MongoDB Indexing Explained: Types, Best Practices & Performance Tips

When searching in a vast database, it is incredibly slow and inefficient to search the data entries one by one. The searching is done similarly to how linear search works in an array. We needed to introduce something that would help optimize searching in the database.

What is Indexing?

Indexing is a technique that is used to organize the data in such a way that it is easy for the system to search the records in the database. Just like how Binary Search helps in optimizing the searching indexing does the same. And what does it require? It needs the data to be sorted.

Similarly, the indexing technique optimizes searching by creating a new data structure that stores pointers to the records, organized according to the sorted values of the selected attribute.

Key Points About Indexing:

We do not create indexes for all attributes in a collection. Instead, indexes are created only for selected attributes that are likely to be frequently queried.
Indexes are typically stored in a B-tree or other tree-like data structures, allowing for efficient search, insertion, and deletion operations.

How Does Indexing Work?

When we apply an index to a field, it stores the index key and pointer document to the collection.
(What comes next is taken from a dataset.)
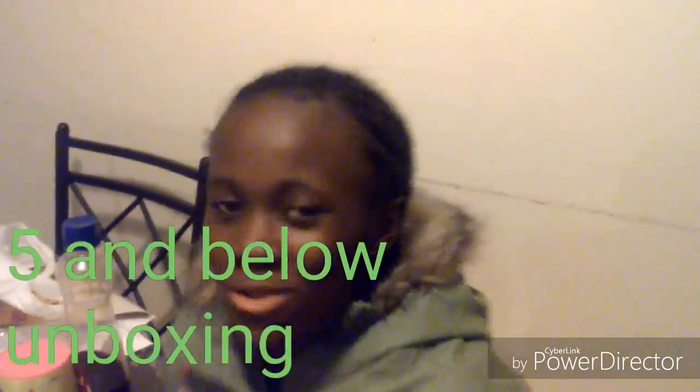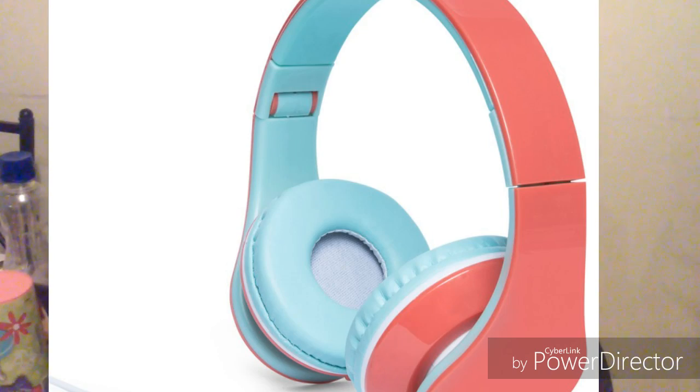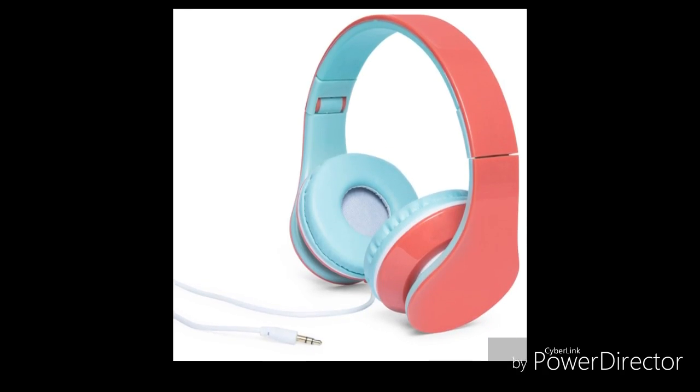Hey everybody, it's Erica here, and today we are unboxing Head's Bowling Stereo Headphones. Links will be down in the description where you can get these headphones. By the way, they come in many different colors, and I got this from Five Below.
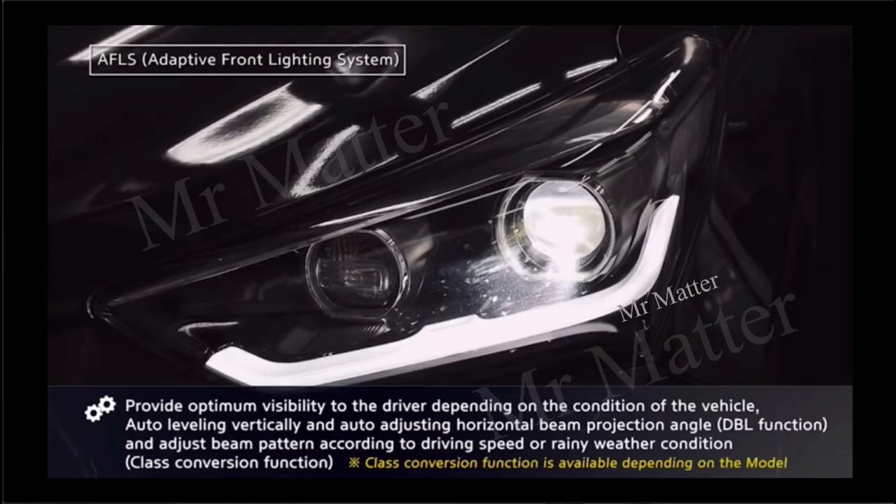Our focus for today is all about Adaptive Front Lighting System (AFLS). We will learn how it works — AFLS provides optimum visibility to the driver depending on the condition of the vehicle, auto leveling vertically and auto adjusting horizontal beam projector angle.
These keys are stored in a sorted manner. So whenever a search query is performed using that particular field, an index scan is performed instead of a linear scan, just like how binary search works. Thus we get an optimized search through the B-tree.

Let's see how we can implement indexing in our database

Before proceeding further I will encourage you to go to open your terminal and type mongosh to enter the mongodb database. and try to code along for practical understanding.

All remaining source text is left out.